Des Plaines, Ill. (June 30, 2016) – The Emergency Nurses Association applauds Delaware for becoming the latest state to better protect emergency nurses from assault. Gov. Jack Markell signed legislation this week to clarify under what circumstances emergency personnel are covered under the law governing assault in the second degree, which is a felony in Delaware.
Previously, for a violent attack to rise to the level of assault in the second degree against an ambulance operator, a rescue squad member, licensed practical nurse, registered nurse, paramedic or licensed medical doctor, the victim must have been rendering emergency care.

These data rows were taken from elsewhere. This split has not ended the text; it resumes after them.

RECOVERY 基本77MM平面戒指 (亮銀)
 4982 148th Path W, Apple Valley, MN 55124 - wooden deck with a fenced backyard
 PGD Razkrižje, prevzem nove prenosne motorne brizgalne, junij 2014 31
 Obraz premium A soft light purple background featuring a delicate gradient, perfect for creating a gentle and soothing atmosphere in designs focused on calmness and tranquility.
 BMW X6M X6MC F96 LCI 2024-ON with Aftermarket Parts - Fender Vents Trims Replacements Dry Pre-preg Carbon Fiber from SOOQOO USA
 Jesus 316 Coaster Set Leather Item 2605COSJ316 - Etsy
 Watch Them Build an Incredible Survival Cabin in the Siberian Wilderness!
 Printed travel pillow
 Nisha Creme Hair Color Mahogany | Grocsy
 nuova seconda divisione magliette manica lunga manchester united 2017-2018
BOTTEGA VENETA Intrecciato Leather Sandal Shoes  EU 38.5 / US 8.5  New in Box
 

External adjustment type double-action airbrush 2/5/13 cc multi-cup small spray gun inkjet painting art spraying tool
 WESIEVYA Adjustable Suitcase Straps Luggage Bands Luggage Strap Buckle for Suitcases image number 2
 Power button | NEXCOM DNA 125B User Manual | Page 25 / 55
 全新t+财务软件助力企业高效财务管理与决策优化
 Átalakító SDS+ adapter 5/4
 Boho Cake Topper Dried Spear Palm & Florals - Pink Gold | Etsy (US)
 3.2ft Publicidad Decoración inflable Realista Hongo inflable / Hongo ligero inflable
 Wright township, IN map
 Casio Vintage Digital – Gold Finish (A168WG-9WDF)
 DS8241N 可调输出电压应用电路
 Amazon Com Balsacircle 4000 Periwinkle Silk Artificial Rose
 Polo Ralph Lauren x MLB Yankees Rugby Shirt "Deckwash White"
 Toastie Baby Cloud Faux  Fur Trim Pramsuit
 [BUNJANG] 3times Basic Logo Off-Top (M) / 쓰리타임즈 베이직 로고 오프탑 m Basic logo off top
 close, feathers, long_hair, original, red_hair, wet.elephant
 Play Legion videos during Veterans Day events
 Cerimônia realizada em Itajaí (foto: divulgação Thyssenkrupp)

The new law now makes it a second-degree assault to attack an ambulance operator, a rescue squad member, licensed practical nurse, registered nurse, paramedic or licensed medical doctor while such person is performing a work-related duty, even if the victim is not specifically rendering emergency care at the time. Furthermore, it expands protection to any person providing emergency care.
“At one Delaware hospital, the number of calls to police to deal with disorderly patients reportedly jumped 300 percent from 2014 to 2015,” said ENA President Kathleen E. Carlson, MSN, RN, CEN, FAEN. “A federal GAO study released in March reported that workers in healthcare facilities experience higher estimated rates of nonfatal workplace violence than workers overall.
“This is an important issue and I want to thank the bill’s sponsor, Rep. Helene Keeley, and Delaware ENA President Kara Streets and Government Affairs Committee Chair Kelly Green-O'Shaughnessy for their efforts in making sure this bill became law.”
The bill had overwhelming support in the Delaware legislature. On May 10, it passed the House on a 36-1 vote. The Senate voted unanimously to approve it on June 14.
In recent months, both Utah and Georgia joined the ranks of states enhancing the criminal penalties for assaulting emergency nurses. More needs to be done, however. A 2014 study published in the Journal of Emergency Nursing
shows an underlying normalization of violence against healthcare professionals in both the healthcare and law enforcement systems, preventing effective interventions.